Vitamin B is the vitamin for type-a, stress-o-holics that I started taking to mitigate all nighters as college student. Vitamin B plays a key role in most of our vital processes including cognitive, energy production, metabolism, blood cell production, immunity, stress management, and skin health. Although the conventional belief is that supplements take time to show benefits, Vitamin B is the one supplement that has an immediate causal effect for me. When I get stressed or jet lagged, one of the key physiological indicators I experience is a sore/blister on my tongue that can be cured within 12 hours by taking a B supplement high in Vitamin B12. Garden of Life’s Vitamin Code Raw B-Complex is a great comprehensive supplement that has a very balanced level of all the essential B Vitamins including B12 (which gets depleted by stress). The fact that it is raw means that the nutrients are intact (heat processing kills many nutrients in plants), and the organic/non-gmo sourcing puts this over the top in terms of quality.

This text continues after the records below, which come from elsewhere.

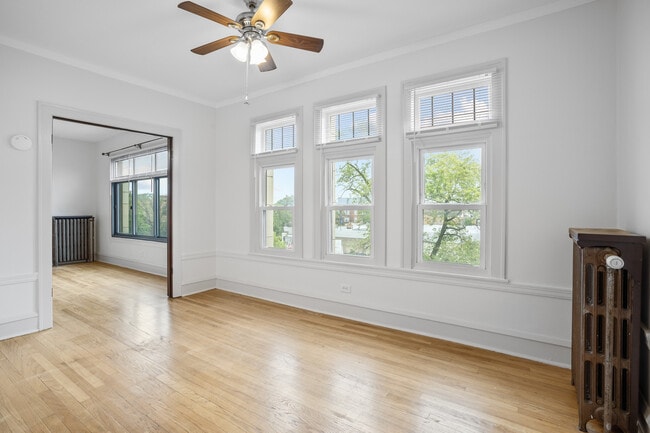 Building Photo - 2342 N Spaulding Ave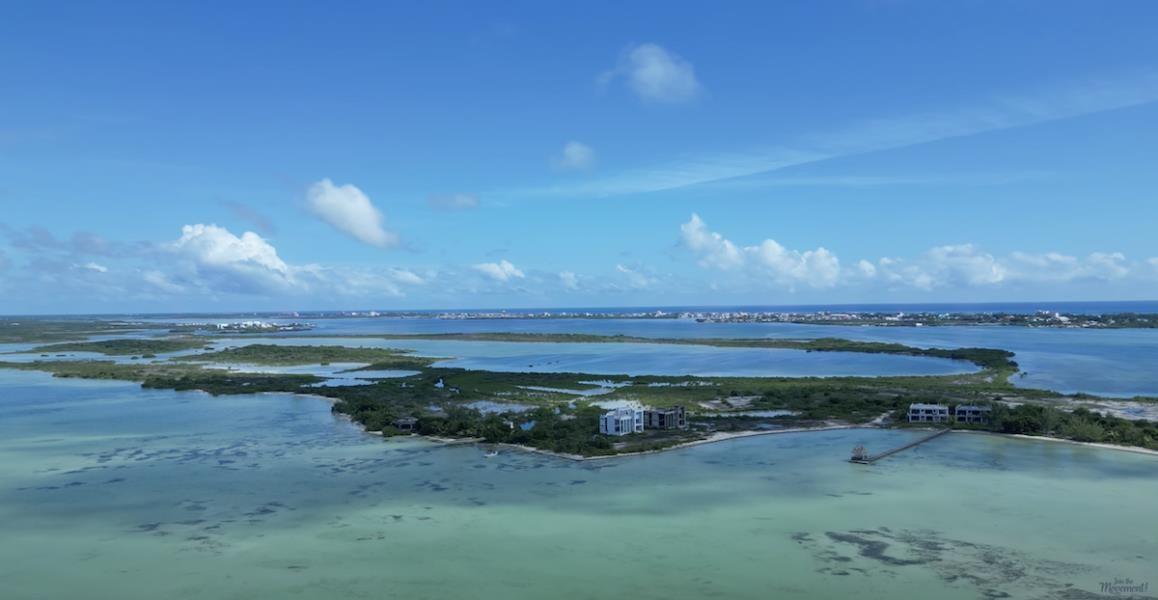 1.48 Acre Beach Front Lot on West Coast & Platinum Coast Ambergris Caye — photo 4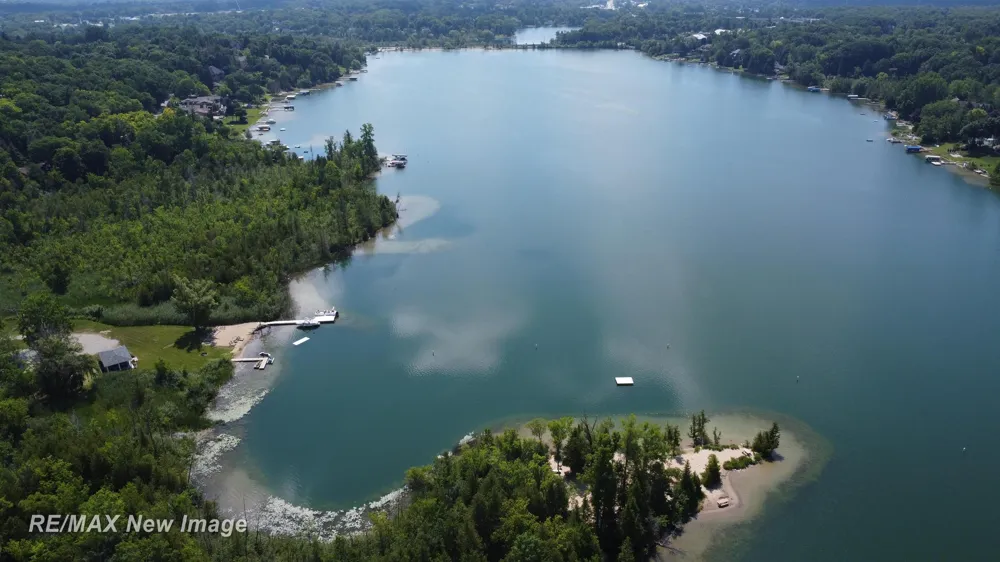 7190 Dark Lake Drive Clarkston City, MI 48346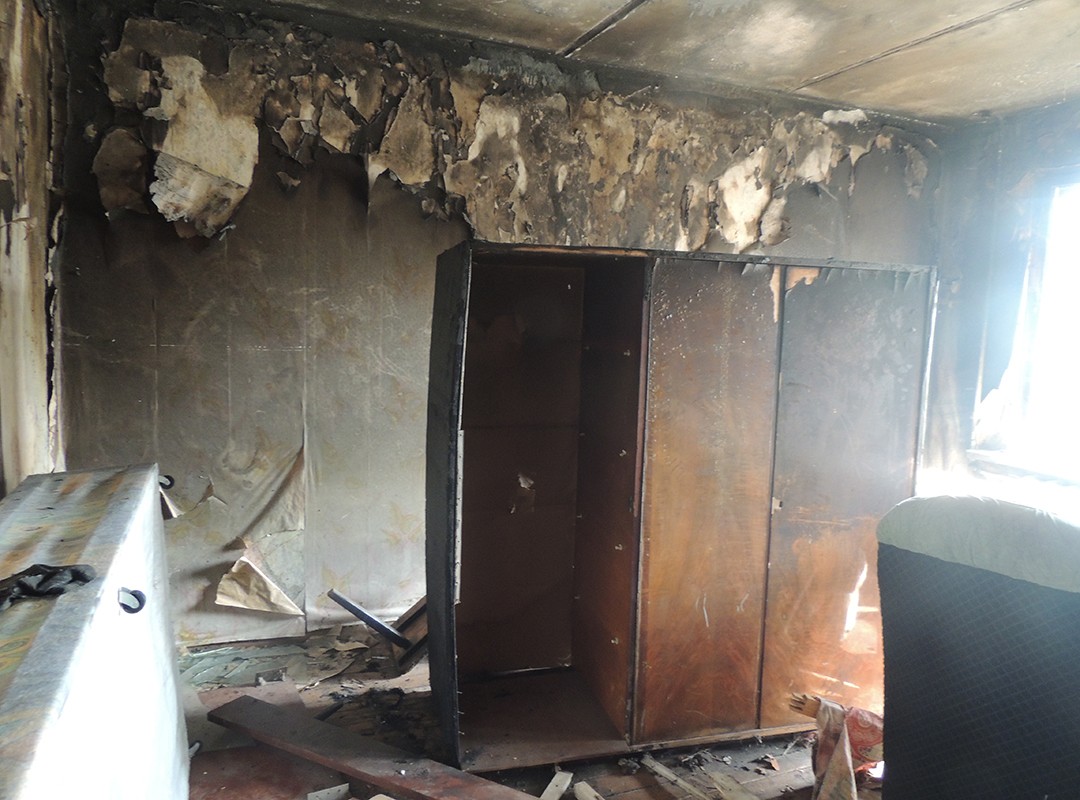 После пожара в квартире Эдуард Янкевич так и не сделал ремонт.  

Vitamin C is one of those vitamins that I take on and off because my doctor advised taking it periodically is better for the body than constant intake which may expel most of the nutrients and tax the kidneys. For this reason I take a low dose whole food Vitamin C (500 mg)  for better control of Vitamin C levels based on my diet and needs (if I feel under the weather, I just up the dosage). In terms of benefits, I mainly take Vitamin C to support my immune system although it has also been heralded as a skin health supplement due to its ability to stimulate collagen production.

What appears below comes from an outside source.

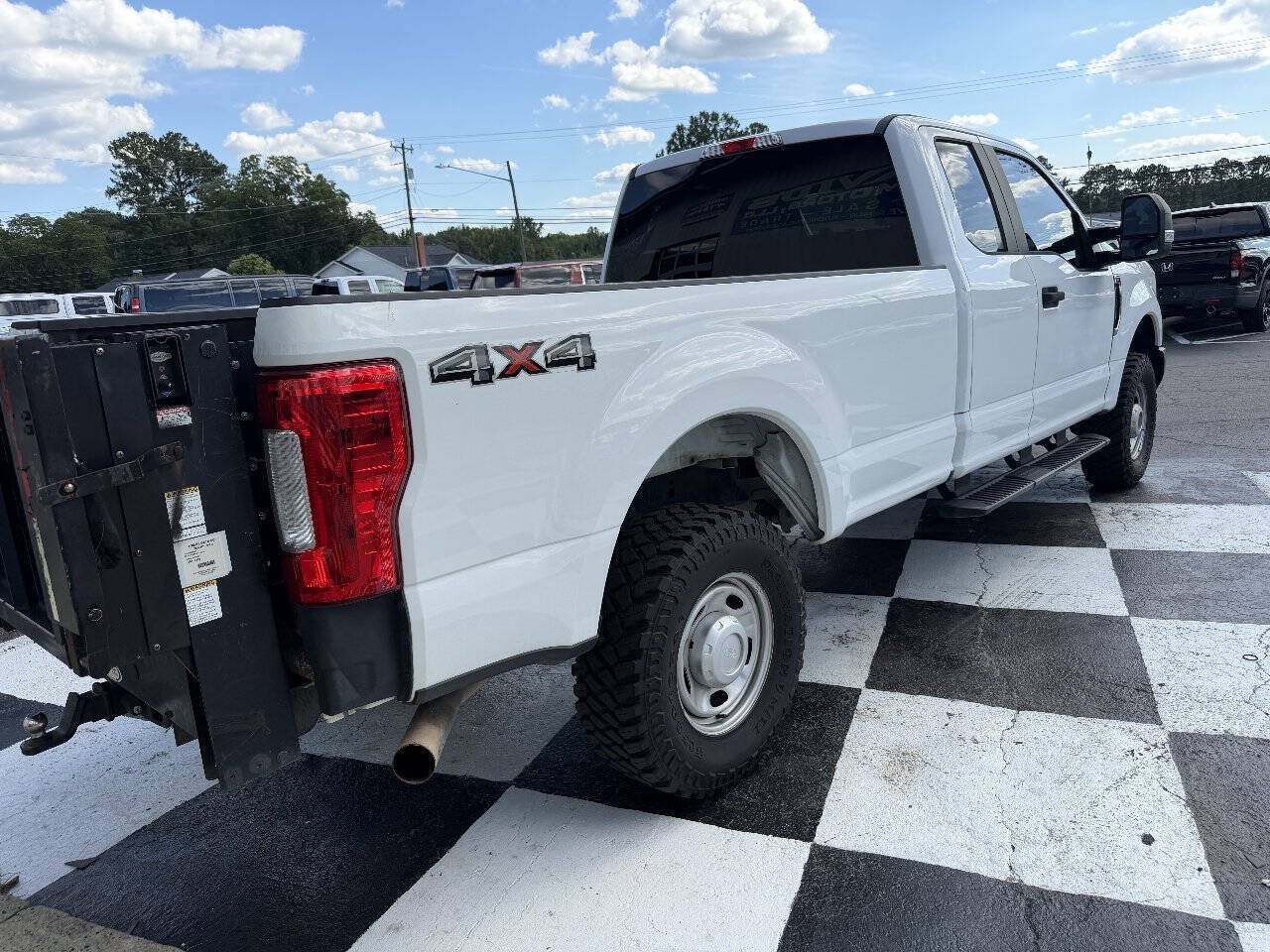 Used 2017 Ford F250 XL w/ Power Equipment Group AWD/4WD image 6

Last but not least, I take Vitamin D because like most people who live in cities, I’m deficient. Vitamin D deficiency is a chronic condition that impacts a lot of people due to low exposure to sunlight and the fact that Vitamin D is rarely naturally present in most foods. This vitamin is important for bone health and the vital biological process of modulating healthy cell growth and genetic protein coding. However before purchasing a supplement, I recommend getting blood work done to see where your level falls into the range, and your physician will be able to tailor a custom dosage to get you into the “good zone”.  Most Vitamin D on the market is too concentrated and my physician recommended taking at most 2000 IU a day (intake can be increased during the winter). For that reason I take the Vitacost brand Vitamin D3 (the most effective form that is identical to the form our bodies naturally produce) in the 1000 IU softgel variant.

That does it for my daily supplements. It’s important that we’re all clear that everyone has different needs and that it is ideal to take supplements based off of scientific data to ‘supplement’ what our body is lacking rather than follow trends or celebrity endorsements. I tend to agree with the sentiment of many detractors that randomly jumping onto the next supplement fad will, in most scenarios, just lead to paying for really expensive urine as the body will just expel what we don’t need. If you noticed, I generally consult with my physician to ensure I’m taking what my body needs and in the optimal form/dosage. If you’re taking any of these Vitamins already and looking for a better source, I hope this has been helpful.